Before the recent IAEA report was published I suggested that the work in Iran of the Ukrainian scientist Dr. Vyacheslav Danilenko, who the Washington Post described as "a former Soviet weapons scientist" and "a former Soviet nuclear scientist", was aimed at helping Iran's nano-technology projects as his main expertise is the production nanodiamonds through detonations.
In the annex to its recent report (pdf) the IAEA actually confirms that his cooperation with Iran was relevant to non-nuclear(!) experiments Iran undertook. It does not say what non-nuclear work this was but the surrounding circumstances make it clear that this was related to nanodiamond production. From the annex of the report (emphasis added):
44. The Agency has strong indications that the development by Iran of the high explosives initiation system, and its development of the high speed diagnostic configuration used to monitor related experiments, were assisted by the work of a foreign expert who was not only knowledgeable in these technologies, but who, a Member State has informed the Agency, worked for much of his career with this technology in the nuclear weapon programme of the country of his origin. The Agency has reviewed publications by this foreign expert and has met with him. The Agency has been able to verify through three separate routes, including the expert himself, that this person was in Iran from about 1996 to about 2002, ostensibly to assist Iran in the development of a facility and techniques for making ultra-dispersed diamonds (“UDDs” or “nanodiamonds”), where he also lectured on explosion physics and its applications.
45. Furthermore, the Agency has received information from two Member States that, after 2003, Iran engaged in experimental research involving a scaled down version of the hemispherical initiation system and high explosive charge referred to in paragraph 43 above, albeit in connection with non-nuclear applications. This work, together with other studies made known to the Agency in which the same initiation system is used in cylindrical geometry, could also be relevant to improving and optimizing the multipoint initiation design concept relevant to nuclear applications.
Why doesn't the agency say what "non-nuclear application" this was about? There are not many non-nuclear applications for hemispherical high explosive experiments with nanodiamond production being probably the most obvious ones. If the agency is sure that it was non-nuclear then it certainly knows quite exactly what this was.
Admitting that the experiment was to created nanodiamonds would of course show that the use of the word "ostensibly" in para 44 is ridiculous.
When the major expert on and inventor of nanodiamond production through detonations worked with Iranian scientists for quite some time and Iran thereafter produced nanodiamonds through detonations then there is nothing "ostensibly" in that cooperation. Nothing in the agency report shows that there was any other purpose of what Danilenko did in Iran. That he "also lectured on explosion physics and its applications" is perfectly consistent with work on detonation nanodiamonds production which is one of such applications.
Please also notice that in the last sentence in para 45 the agency only says that this work "could" be relevant to nuclear work. Well, we all "could" be young, pretty and rich. Right? But that doesn't make us so.

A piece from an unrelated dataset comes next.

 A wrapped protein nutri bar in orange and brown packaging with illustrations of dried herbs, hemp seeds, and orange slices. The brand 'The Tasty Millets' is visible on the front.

There are many dual use technologies that can be used for non-nuclear purposes but also may have applications with nuclear stuff. Any halfway industrialized country has dozens of such technologies. The production of nanodiamonds through detonations is just one of them. Even a culmination of dual-use work in a country does not proof anything with regards to nuclear intentions. It ony shows that the country is further industrializing and makes progress in its scientific capacities.
The IAEA's recent allegation that the Hasaka spinning factory in Syria had something to do with nuclear work was busted as being completely wrong within a mere week. The annex of the IAEA report on Iran is full of innuendo and weasel words "overall", "indicate", "were said to", "may", "could" without providing anything new or definite proof of the old allegations which are based on murky sources.
Under its current director Yukiya Amano who willingly submits to U.S. pressure the IAEA is rapidly losing its neutrality and the credibility it had build over the years. This will in the end damage the case for and its work on non-proliferation work.